** Opening THE INPUT block **

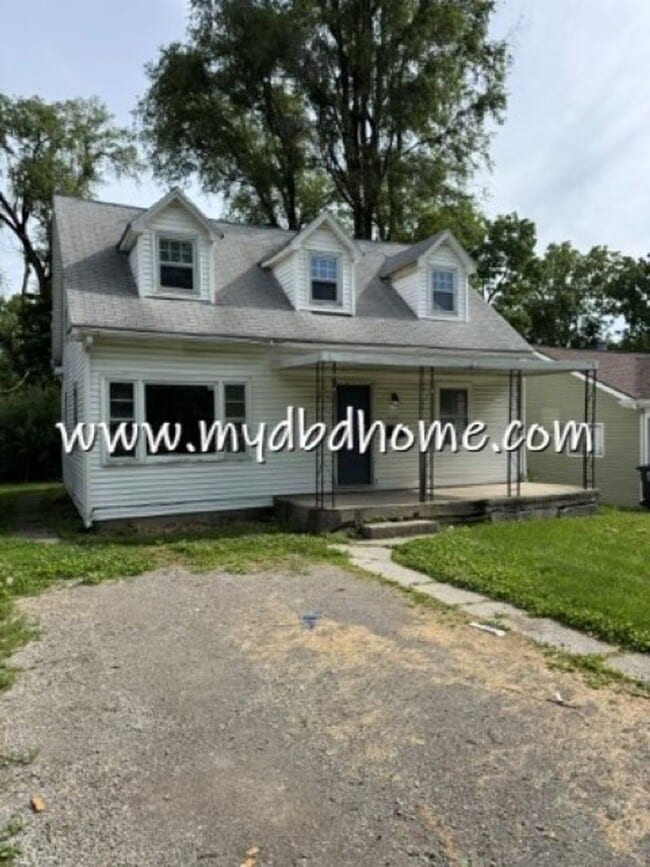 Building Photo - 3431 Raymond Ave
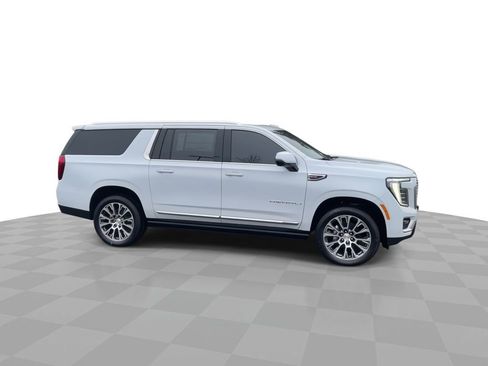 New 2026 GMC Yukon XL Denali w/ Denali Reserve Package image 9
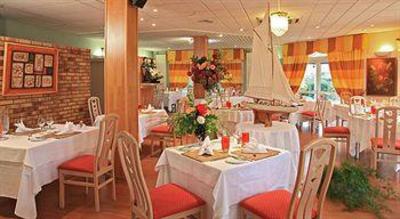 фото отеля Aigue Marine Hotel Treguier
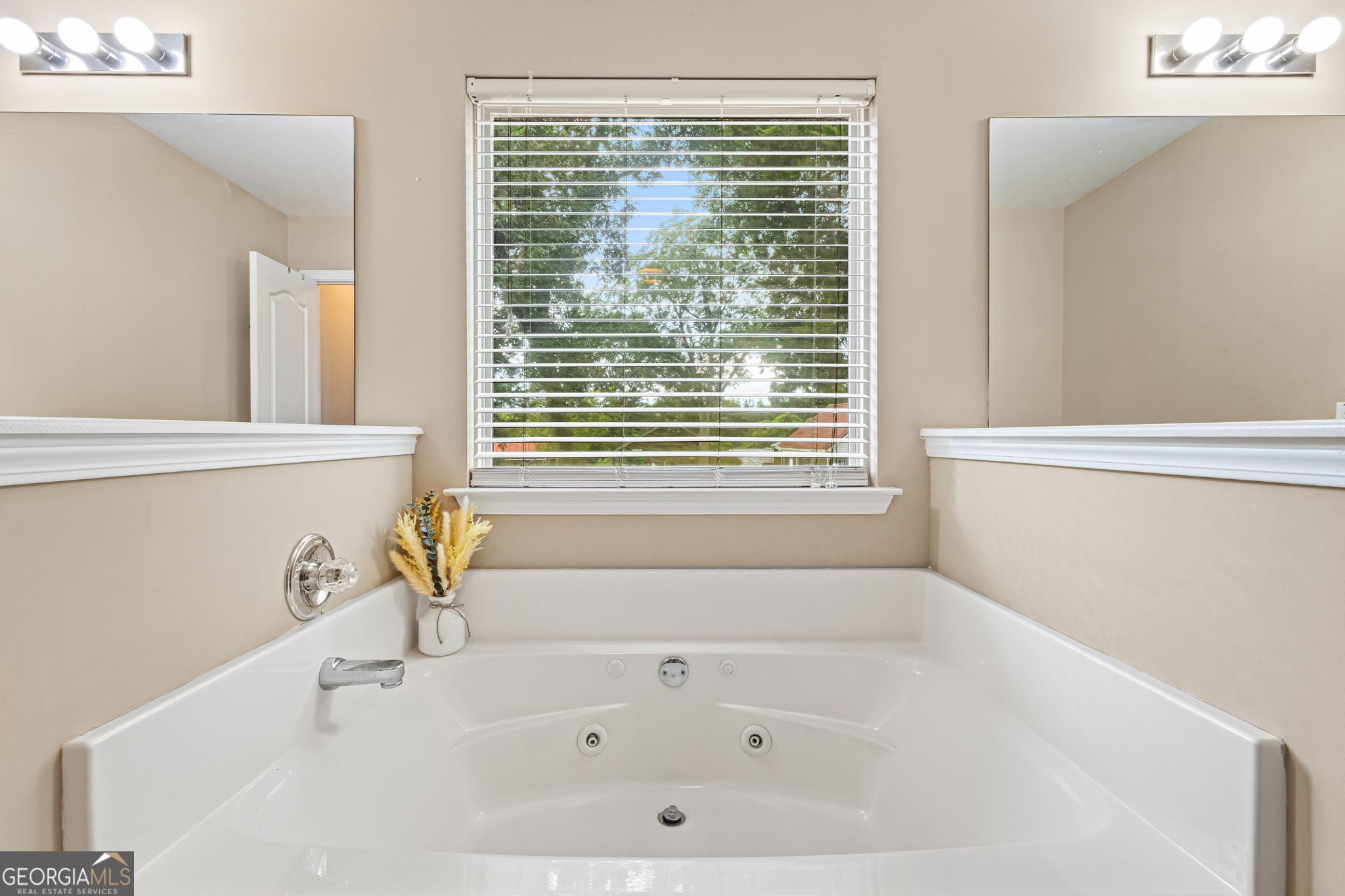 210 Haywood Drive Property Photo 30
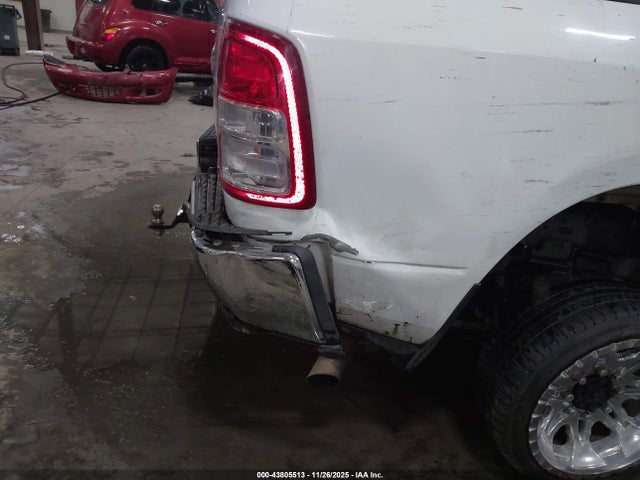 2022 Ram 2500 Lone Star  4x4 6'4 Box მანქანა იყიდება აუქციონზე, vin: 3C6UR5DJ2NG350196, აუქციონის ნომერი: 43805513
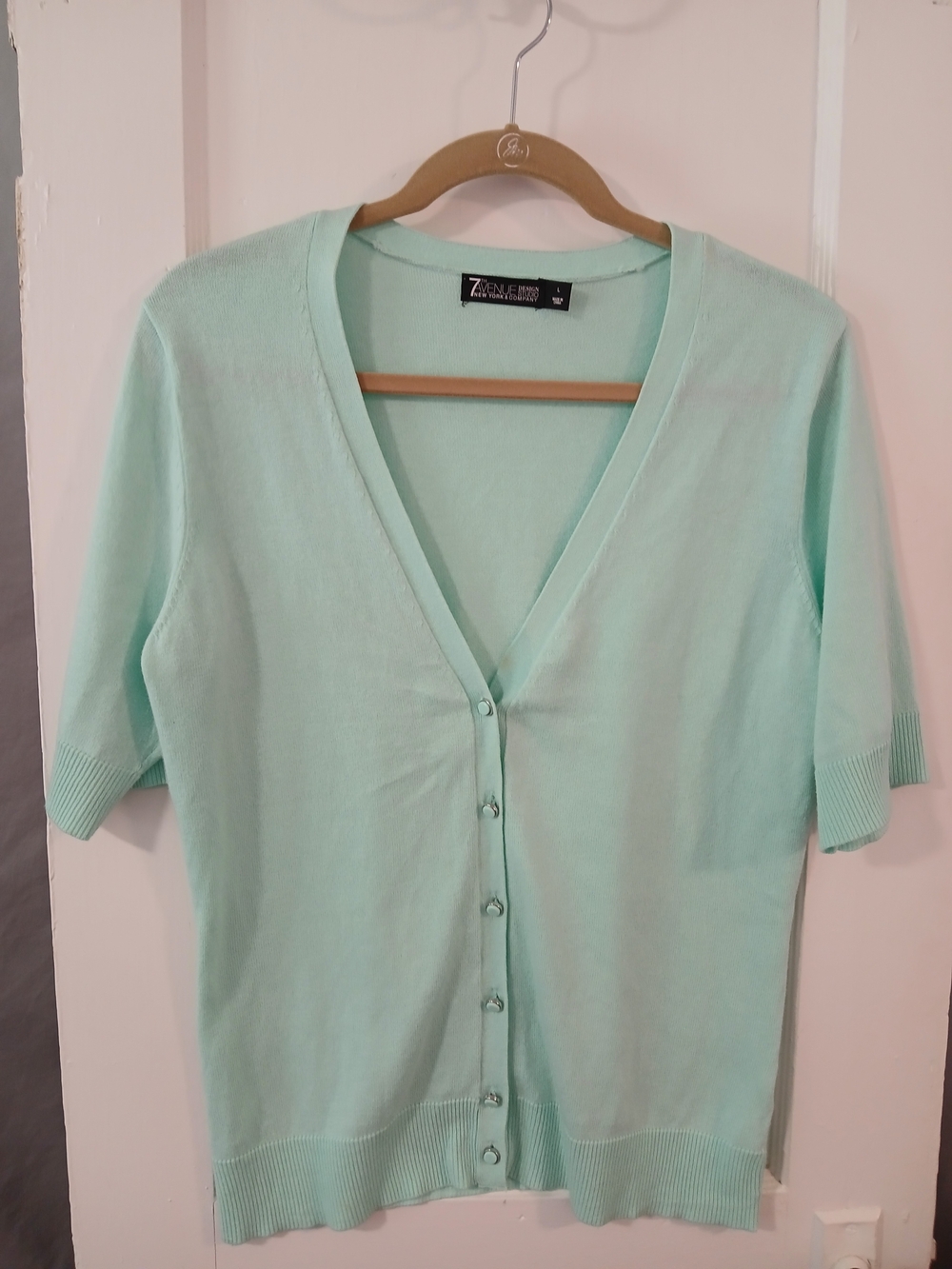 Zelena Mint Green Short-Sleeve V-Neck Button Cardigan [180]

** Closing THE INPUT block **

#### [PROBLEM REQUIREMENTS]
Reproduce the full listing verbatim so that only the pictures are missing.

#### [YOUR RESPONSE]
 Building Photo - 3431 Raymond Ave
 New 2026 GMC Yukon XL Denali w/ Denali Reserve Package image 9
 фото отеля Aigue Marine Hotel Treguier
 210 Haywood Drive Property Photo 30
 2022 Ram 2500 Lone Star  4x4 6'4 Box მანქანა იყიდება აუქციონზე, vin: 3C6UR5DJ2NG350196, აუქციონის ნომერი: 43805513
 Zelena Mint Green Short-Sleeve V-Neck Button Cardigan [180]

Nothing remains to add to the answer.